Fay has given her word not to divulge the Big Fellow's name, but agrees to point him out when she meets him the next morning at the bank where the profits of three years worth of crime have been kept. When Valcross happens by, Templar tells him why he is waiting there. Valcross starts to leave, but when Fay shows up, she recognizes him. He fatally shoots her before Templar guns down the Big Fellow. Valcross wanted Templar to kill his men so he would not have to share the loot.

==Cast==
- Louis Hayward as Simon Templar
- Kay Sutton as Fay Edwards
- Sig Ruman as Hutch Rellin
- Jonathan Hale as Inspector Henry Fernack
- Jack Carson as Red Jenks, one of Hutch's men
- Paul Guilfoyle as Hymie Fanro, another of Hutch's men
- Frederick Burton as William Valcross
- Ben Welden as Boots "Pappy" Papinoff, one of the six gangsters
- Charles Halton as Vincent Nather, Irbell's lawyer
- Cliff Bragdon as Sebastian Lipke
- Frank M. Thomas as Prosecutor
- George Irving as Judge
- Paul Fix as Phil Farrell - Doorman at the Silverclub
- Edward LeSaint as Committee Member (uncredited)

==Production==
Hayward is generally praised for his portrayal of the Saint; his performance has been described as "a poor man’s... Orson Welles", considered "rakish" while staying faithful to Charteris' vision. However he was unable to repeat the role because he was signed to a multi-picture deal by Edward Small who wanted to make Hayward a star. After being replaced in the series by George Sanders (Sanders later being replaced by Hugh Sinclair), Hayward would return to the role 15 years later in 1953's The Saint's Return (known as The Saint's Girl Friday in the US).

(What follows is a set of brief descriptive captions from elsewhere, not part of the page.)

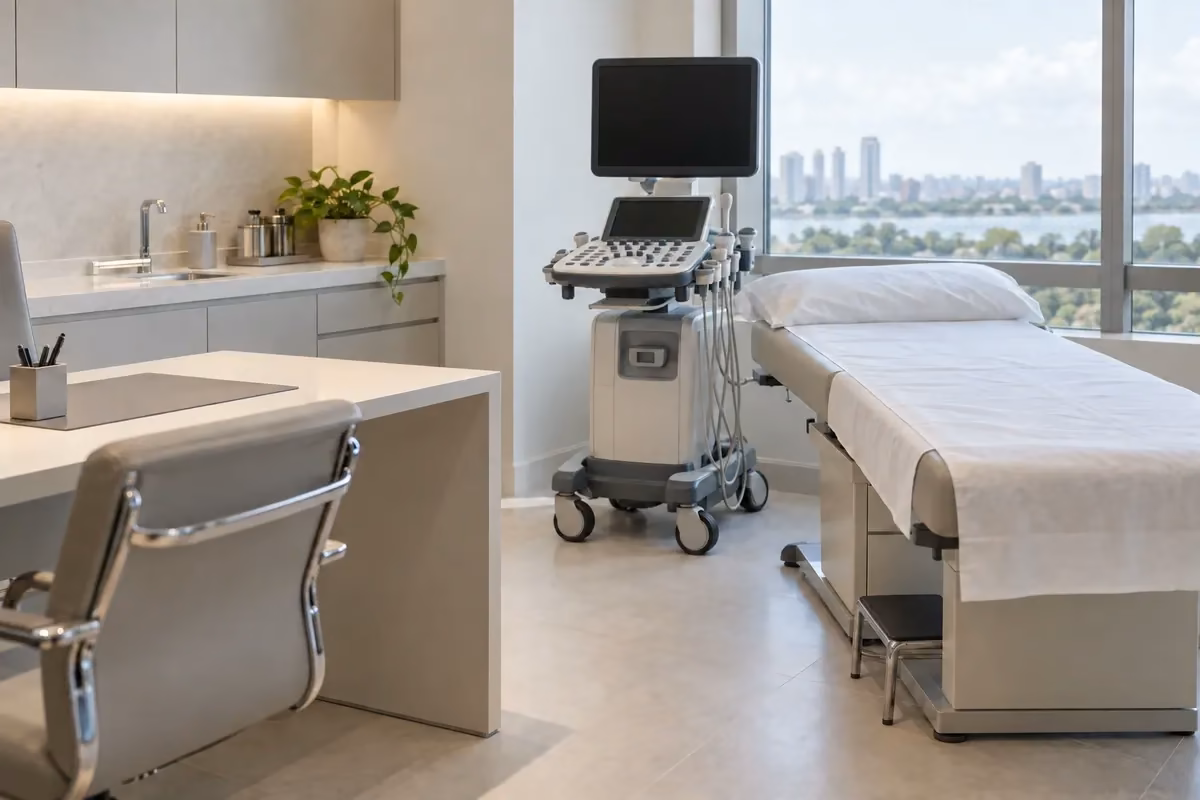 Consultório do Dr. Victor Livera, com maca e aparelho de ultrassom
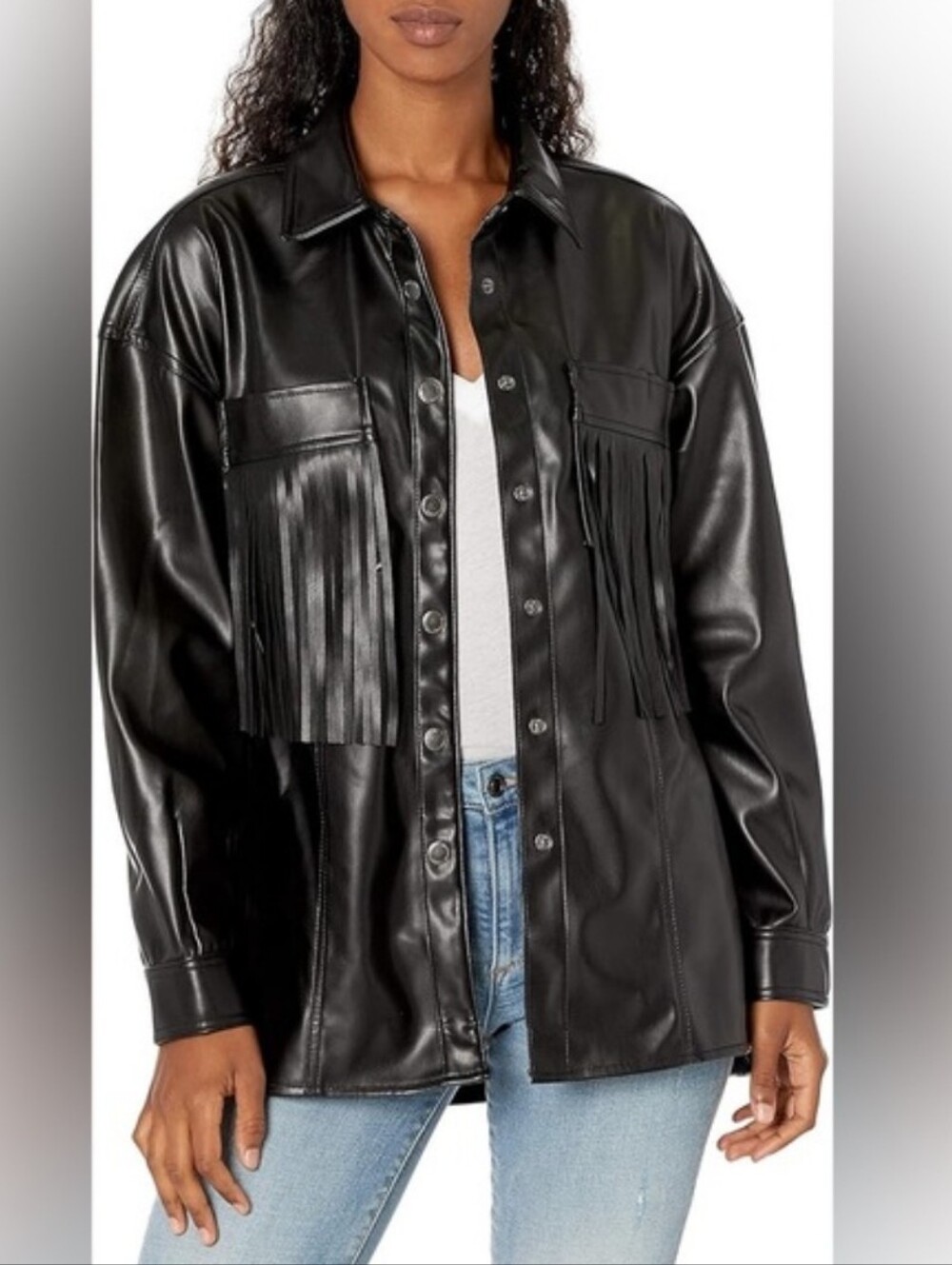 Blank NYC Oversized Vegan LeatherFringe Shirt Shacket Jacket Size Small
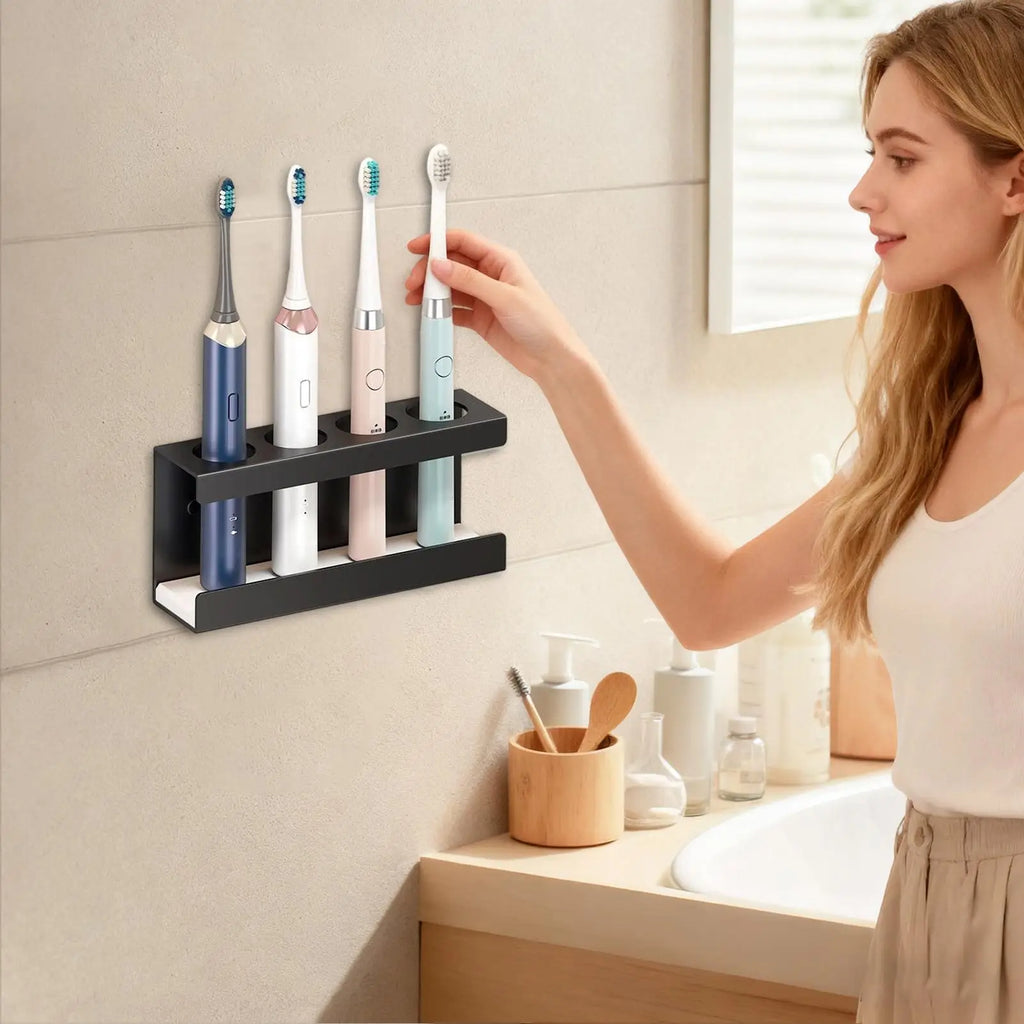 Electric Toothbrush Holder 4-Slot No Drilling Stand With Diatomite Base Bathroom Toothbrush Holder Storage Rack For Toothpaste Qme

In the RKO films, Templar's New York Police Department contact, Inspector Fernack, as played by Jonathan Hale, appeared four times, even in films not specifically set in New York; Templar's British law enforcement foil, Inspector Teal of Scotland Yard, would appear in films set in Britain, played by different actors.

In 1937, Alfred Hitchcock met with Lillie Messinger of RKO. Hitchcock showed interest in coming to America and making The Saint in New York. Ultimately, the film was made a year later with Ben Holmes directing.

==Reception==
The film was extremely popular, making a profit of $195,000.